* _WHAT IS EXPECTED_: The line with "Panasonic R410A service", the line with "Best Practices for", and all lines between them in the material below: return these exactly, and no others.

* _RECORDS_:
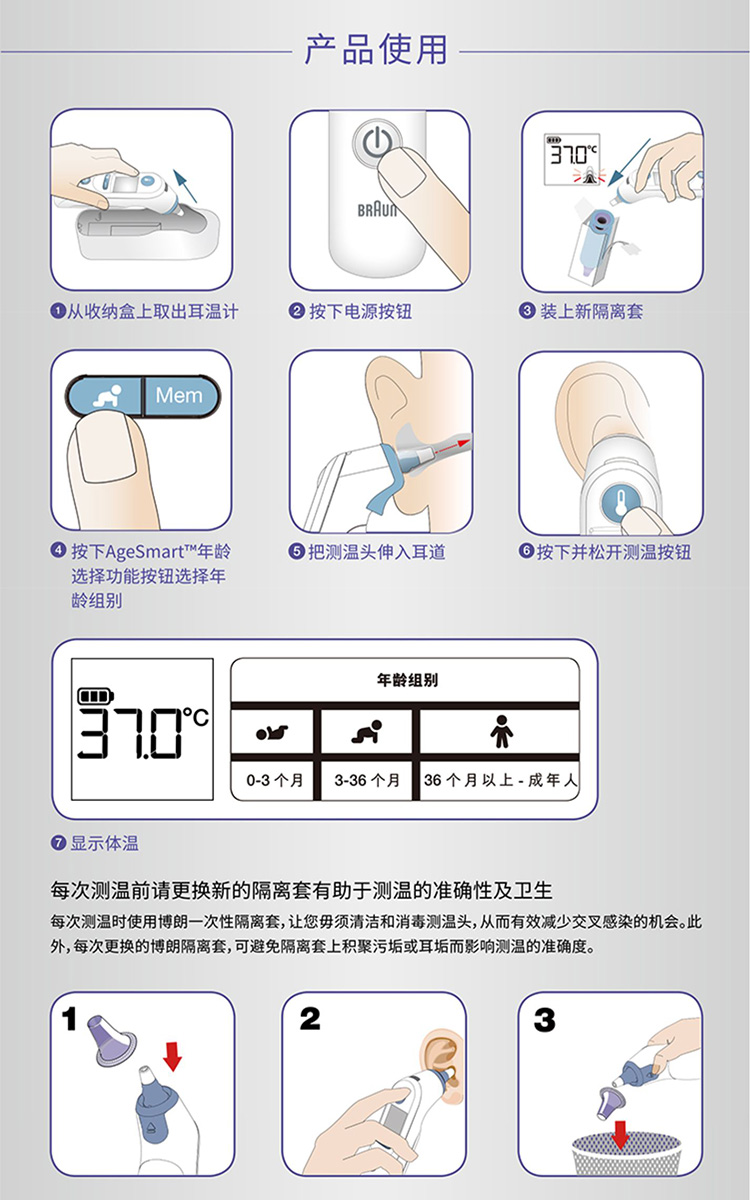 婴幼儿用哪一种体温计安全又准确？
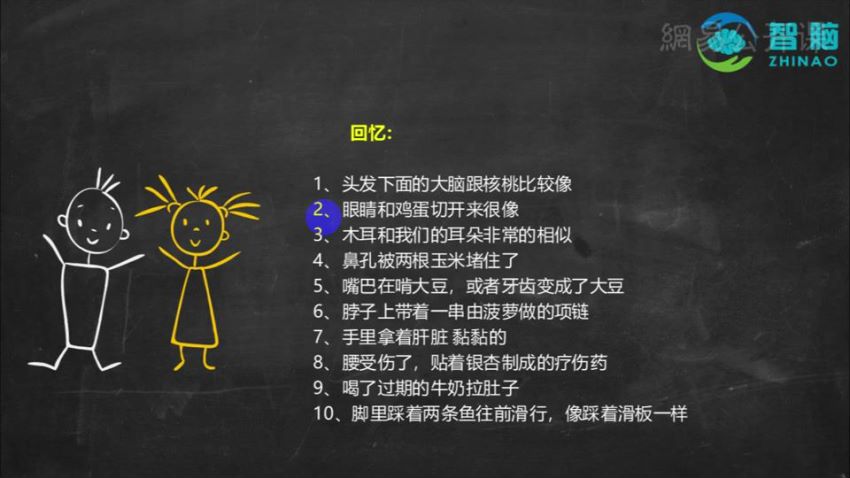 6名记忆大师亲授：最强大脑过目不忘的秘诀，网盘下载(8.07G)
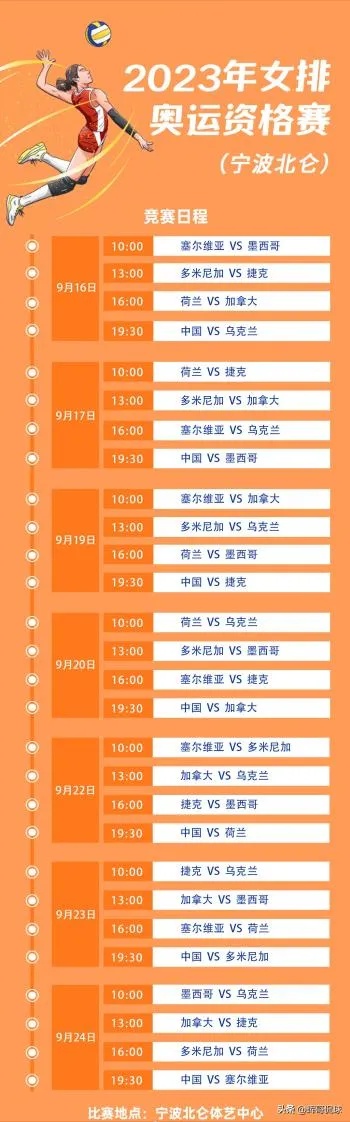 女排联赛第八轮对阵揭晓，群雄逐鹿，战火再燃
--
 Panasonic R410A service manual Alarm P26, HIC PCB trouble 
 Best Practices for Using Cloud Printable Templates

* _COMPLETED EXERCISE_:
 Panasonic R410A service manual Alarm P26, HIC PCB trouble 
 Best Practices for Using Cloud Printable Templates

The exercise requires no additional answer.